**Task description**
For this exercise, copy exactly every line from the one holding "Three masked students" through the end of the data, both included. Omit pictures.

[Extracted records]
⟨
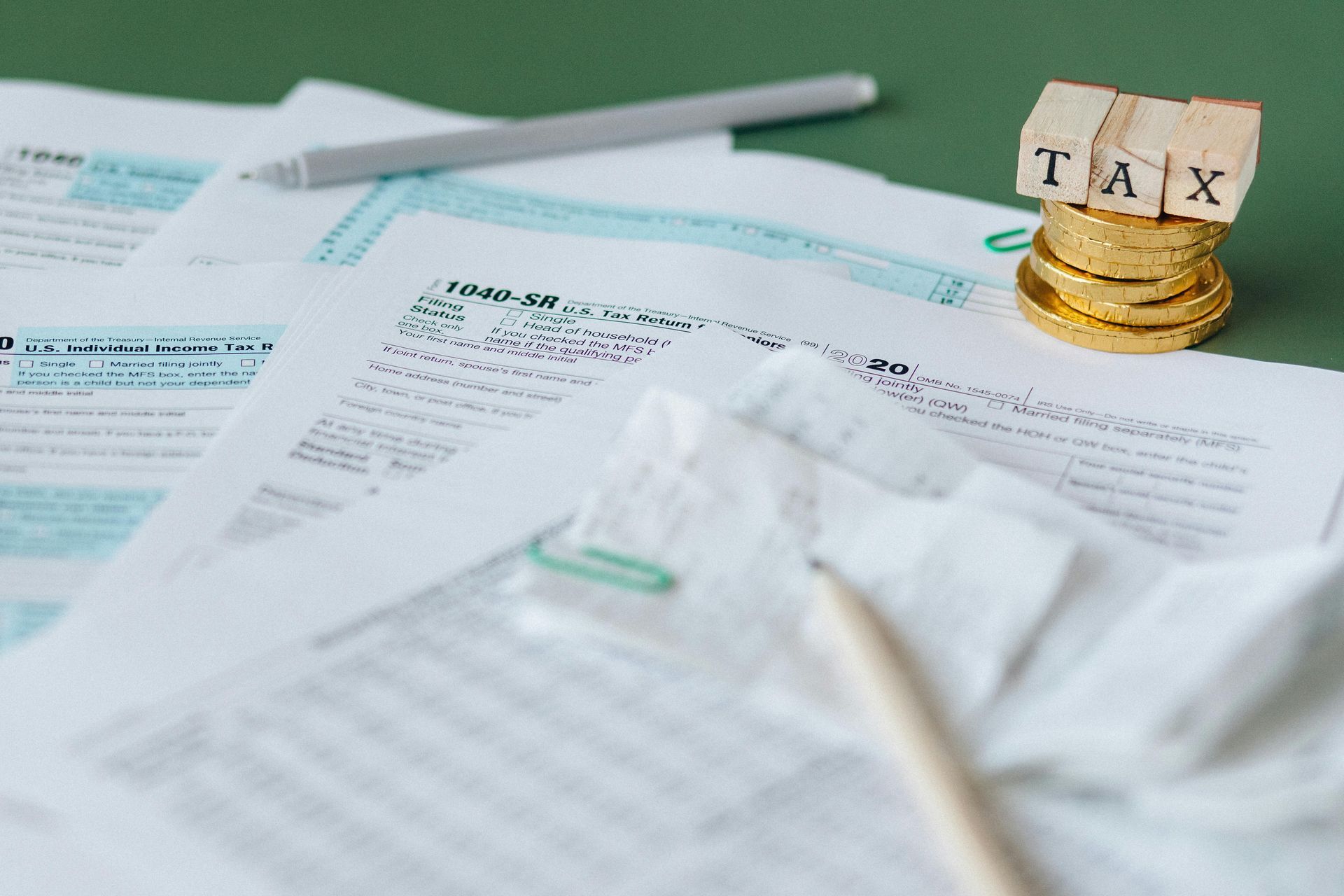 A stack of coins sitting on top of a piece of paper with the word tax written on it.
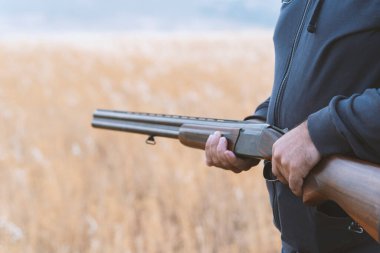 Erkek avcı av tüfeğiyle avlanmaya hazır. Avcı tüfeğini tutuyor..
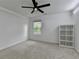 Bright bedroom featuring a ceiling fan, neutral walls, and minimalist decor at 6125 Langdon Way, Cumming, GA 30028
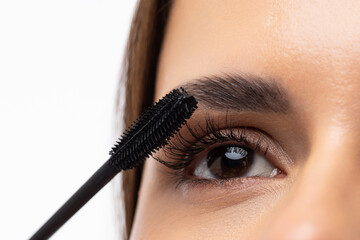 Young woman putting eye liner on eyelid on white background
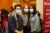 Three masked students pose for the camera in Kresge during orientation.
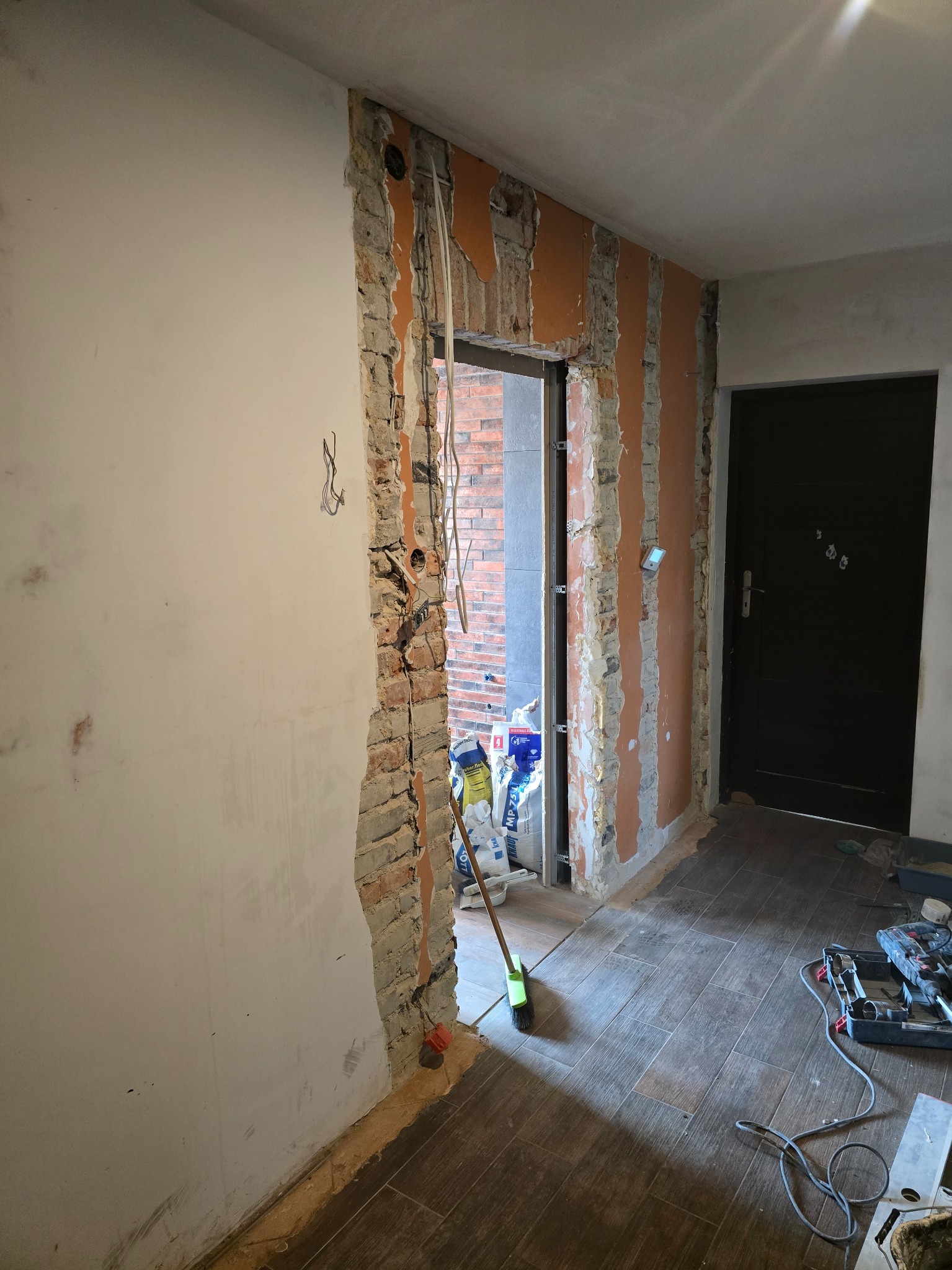 Demontaż ściany działowej z odsłoniętą cegłą i instalacją elektryczną. Widoczne narzędzia i worki z zaprawą. Podłoga wyłożona płytkami imitującymi drewno.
⟩
**Written answer**
 Three masked students pose for the camera in Kresge during orientation.
 Demontaż ściany działowej z odsłoniętą cegłą i instalacją elektryczną. Widoczne narzędzia i worki z zaprawą. Podłoga wyłożona płytkami imitującymi drewno.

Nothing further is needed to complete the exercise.